**What this task involves**
Every line from the one containing "2014 Chevrolet Silverado" to the end of the data below should be copied exactly, but pictures should not.

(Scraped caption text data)

☆ ☆ ☆

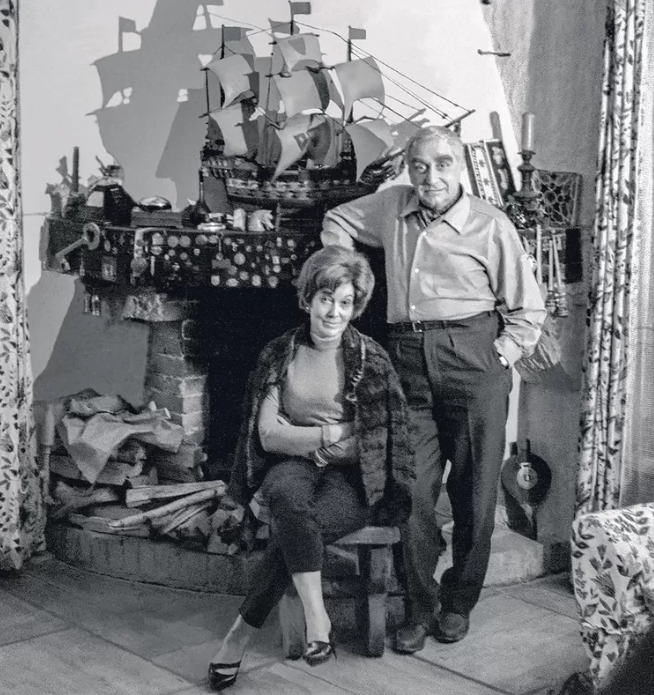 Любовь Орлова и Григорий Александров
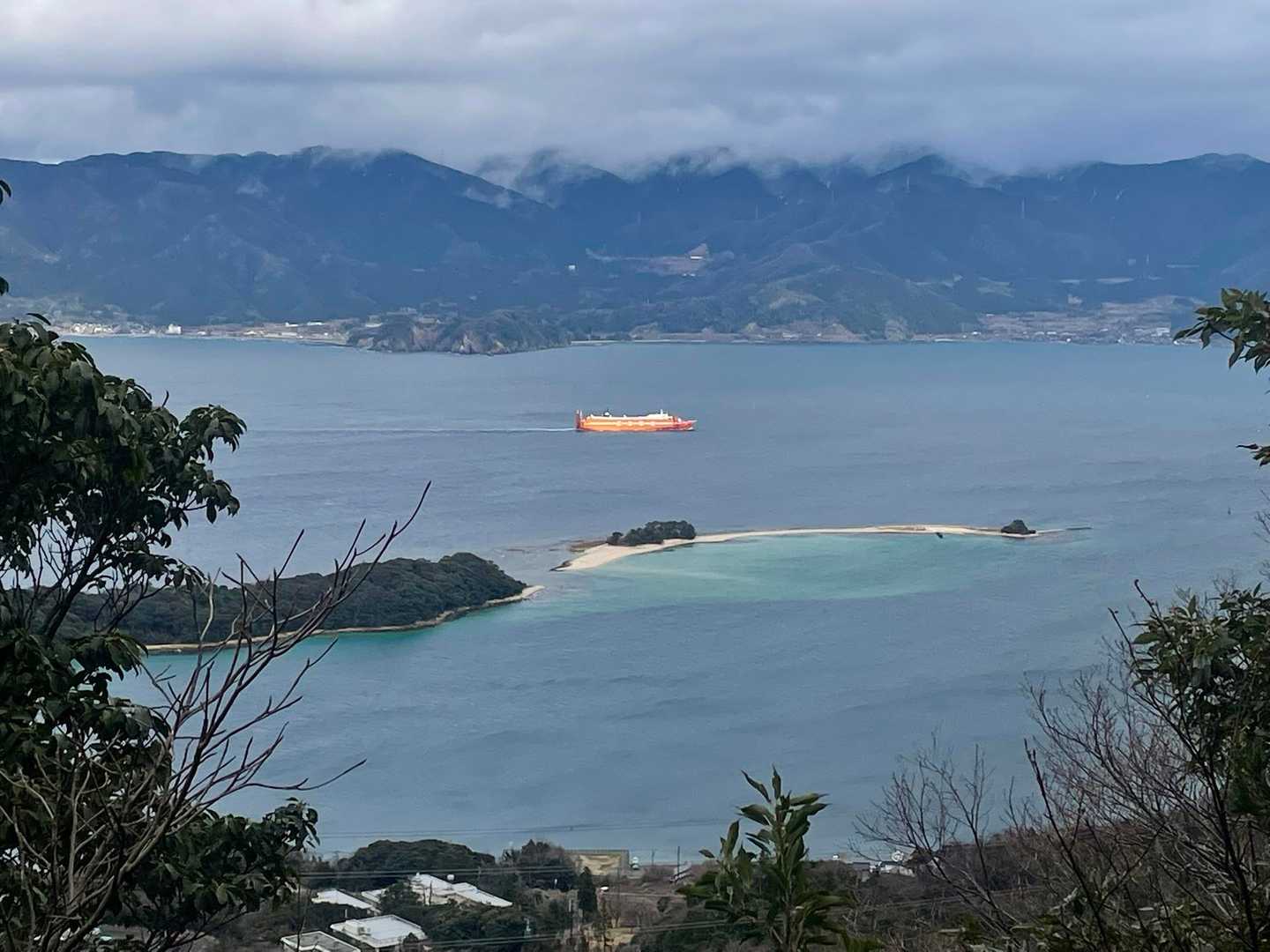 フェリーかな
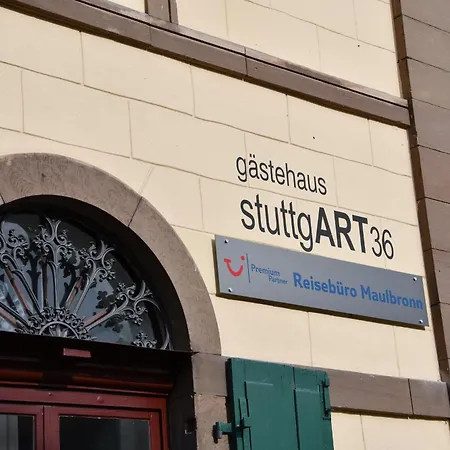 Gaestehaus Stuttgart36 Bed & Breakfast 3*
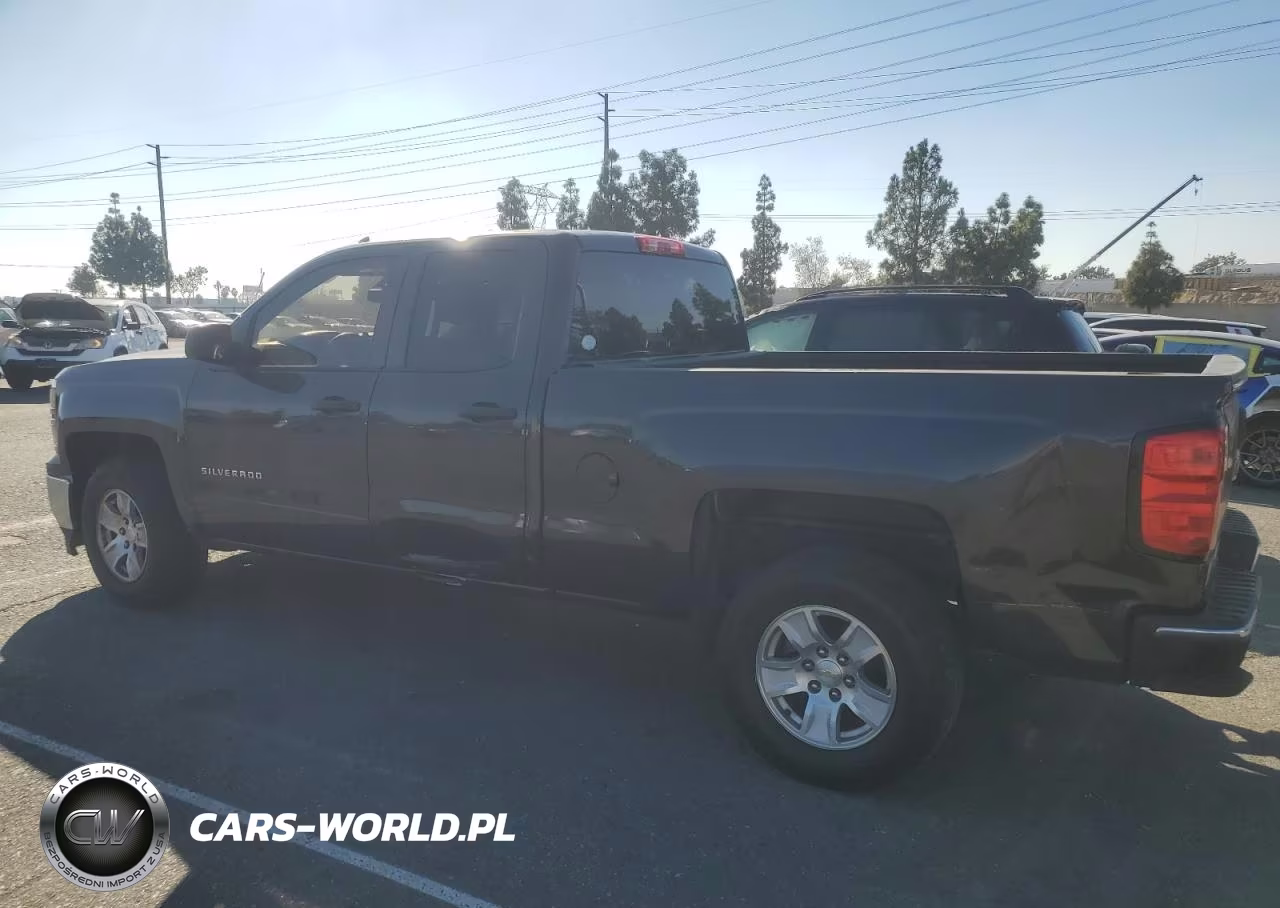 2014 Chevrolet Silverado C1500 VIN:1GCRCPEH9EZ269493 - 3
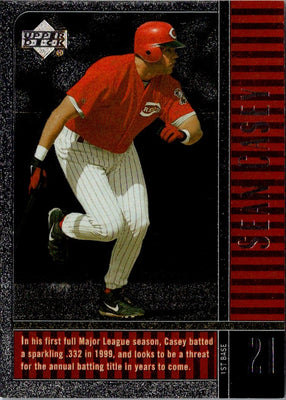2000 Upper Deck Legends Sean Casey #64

☆ ☆ ☆

**Answer to the exercise**
 2014 Chevrolet Silverado C1500 VIN:1GCRCPEH9EZ269493 - 3
2000 Upper Deck Legends Sean Casey #64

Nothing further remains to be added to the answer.